**WHAT TO DO**
Pictures are to be left out, and only the lines below starting at the one with "双女M绑着也不耽误唱歌-4" and ending at the one with "Double Queen Jr" are to be reproduced, each exactly, both ends included.

**STORED DATA**
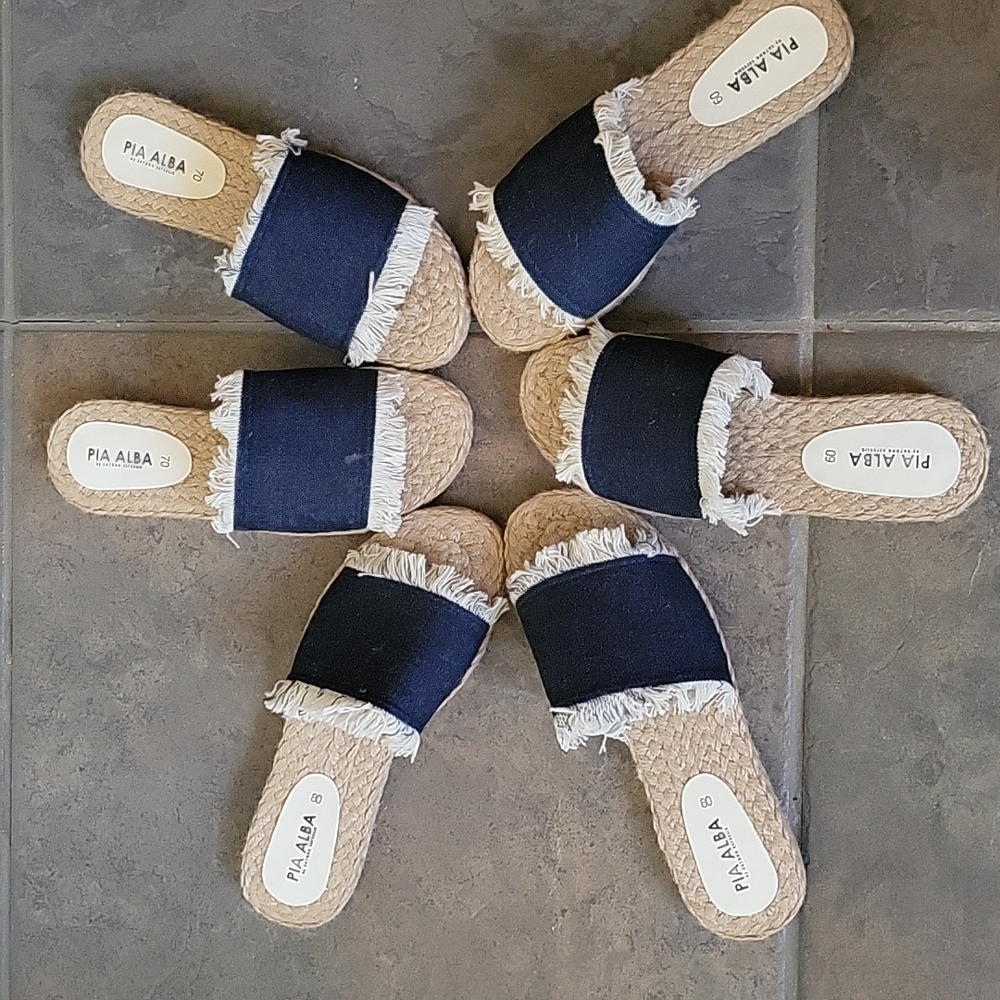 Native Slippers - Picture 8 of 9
==
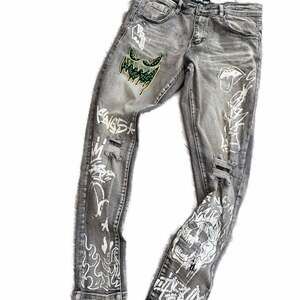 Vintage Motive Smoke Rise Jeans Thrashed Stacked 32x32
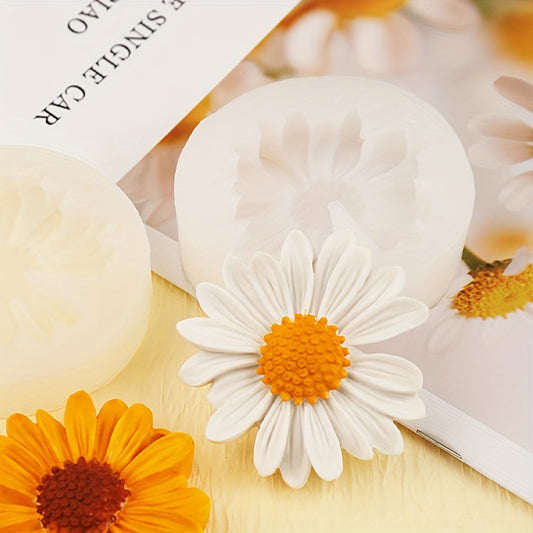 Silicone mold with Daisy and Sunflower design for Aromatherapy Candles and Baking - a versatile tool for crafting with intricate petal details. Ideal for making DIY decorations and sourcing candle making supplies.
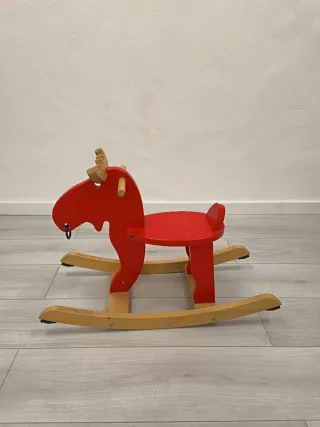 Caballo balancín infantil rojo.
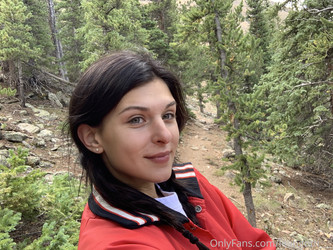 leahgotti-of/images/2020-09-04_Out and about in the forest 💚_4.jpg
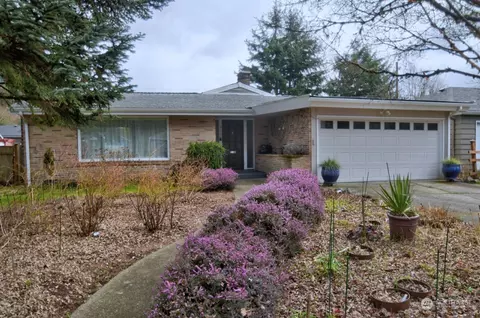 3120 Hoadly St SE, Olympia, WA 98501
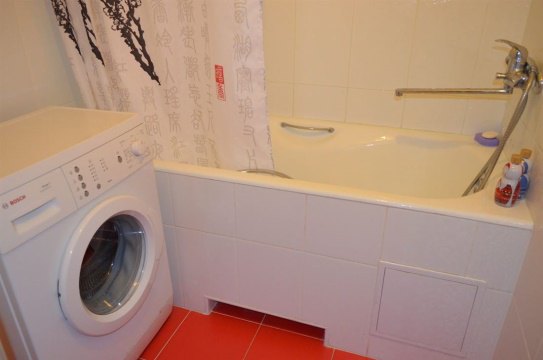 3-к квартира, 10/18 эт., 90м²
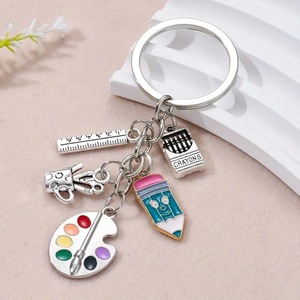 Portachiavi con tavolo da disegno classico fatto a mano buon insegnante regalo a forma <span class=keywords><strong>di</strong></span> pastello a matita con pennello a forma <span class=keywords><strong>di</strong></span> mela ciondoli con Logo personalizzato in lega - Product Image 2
--
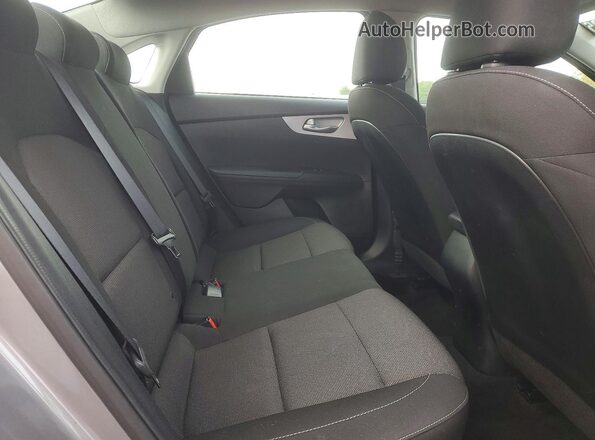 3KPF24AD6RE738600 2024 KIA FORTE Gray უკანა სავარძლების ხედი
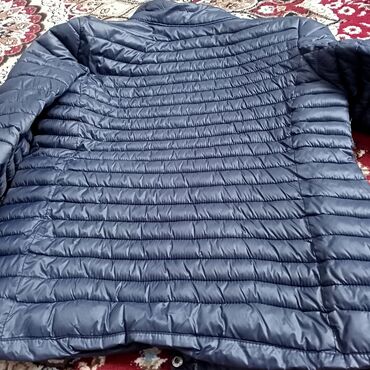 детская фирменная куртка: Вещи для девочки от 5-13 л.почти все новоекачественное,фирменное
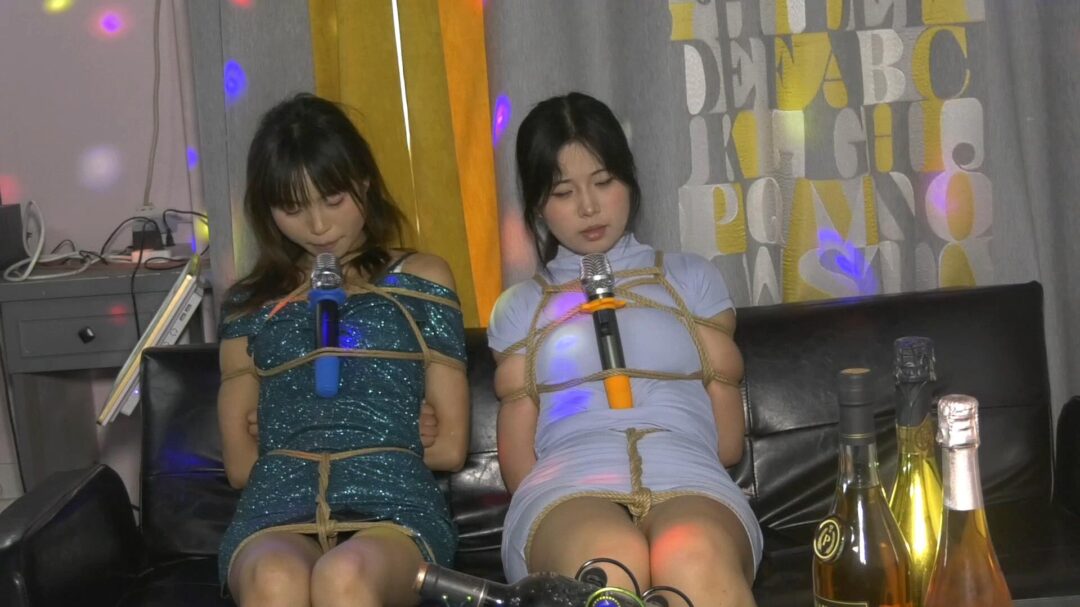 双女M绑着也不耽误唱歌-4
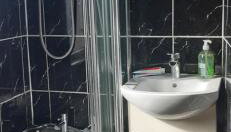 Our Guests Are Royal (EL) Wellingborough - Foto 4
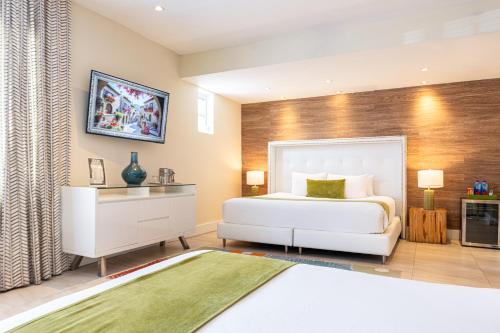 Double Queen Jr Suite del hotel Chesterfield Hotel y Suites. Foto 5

**SOLUTION**
 双女M绑着也不耽误唱歌-4
 Our Guests Are Royal (EL) Wellingborough - Foto 4
 Double Queen Jr Suite del hotel Chesterfield Hotel y Suites. Foto 5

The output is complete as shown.